▶ **EXERCISE**: Copy out the data below from the line containing "Load image into" to the line containing "Sneaker Donna Xti con Zeppa in Tessuto Nero", both lines included, with all images left out.

====== DATA

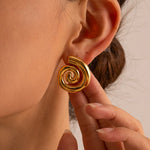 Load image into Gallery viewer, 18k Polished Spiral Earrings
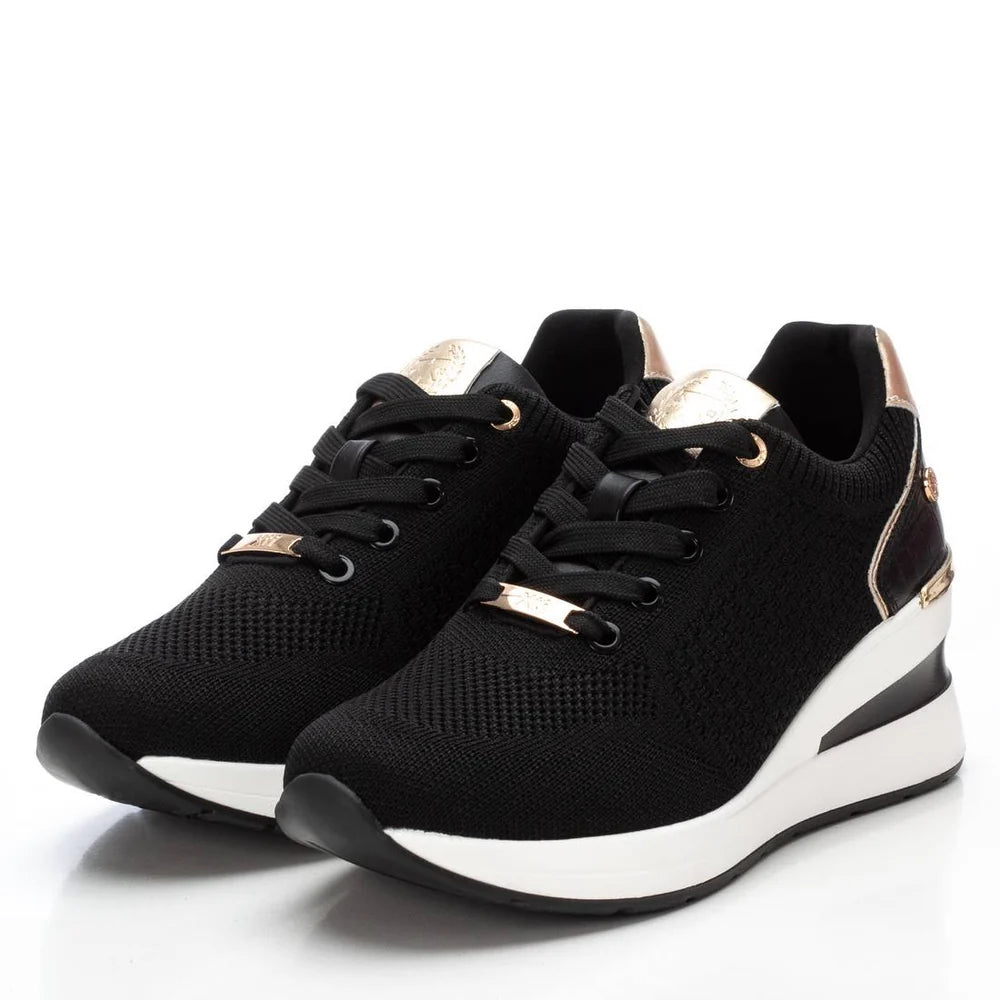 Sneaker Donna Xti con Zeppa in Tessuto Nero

============
====== DATA

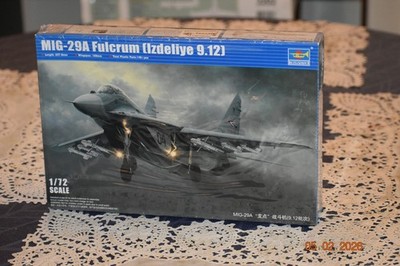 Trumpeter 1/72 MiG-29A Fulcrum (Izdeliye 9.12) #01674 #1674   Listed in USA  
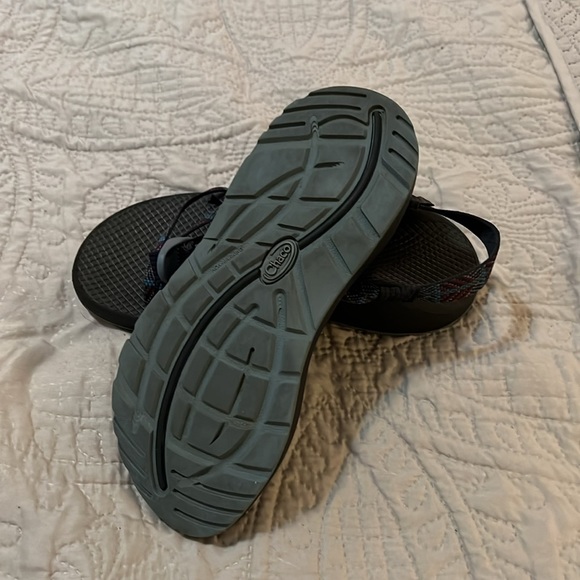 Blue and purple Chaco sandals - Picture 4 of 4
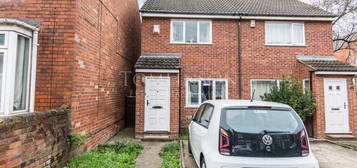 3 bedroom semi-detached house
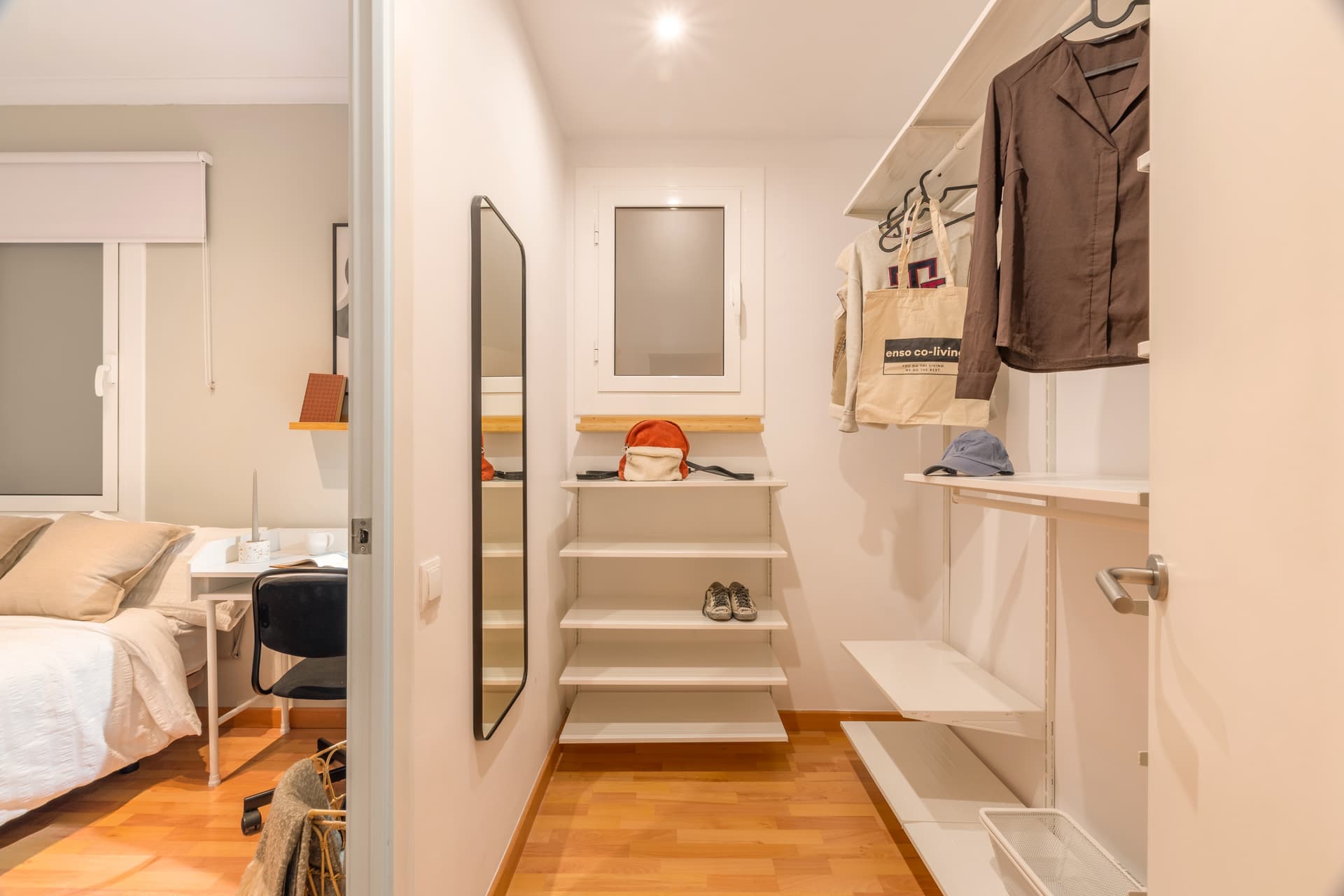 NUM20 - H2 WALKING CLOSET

============

▶ **WRITTEN SOLUTION**:
 Load image into Gallery viewer, 18k Polished Spiral Earrings
 Sneaker Donna Xti con Zeppa in Tessuto Nero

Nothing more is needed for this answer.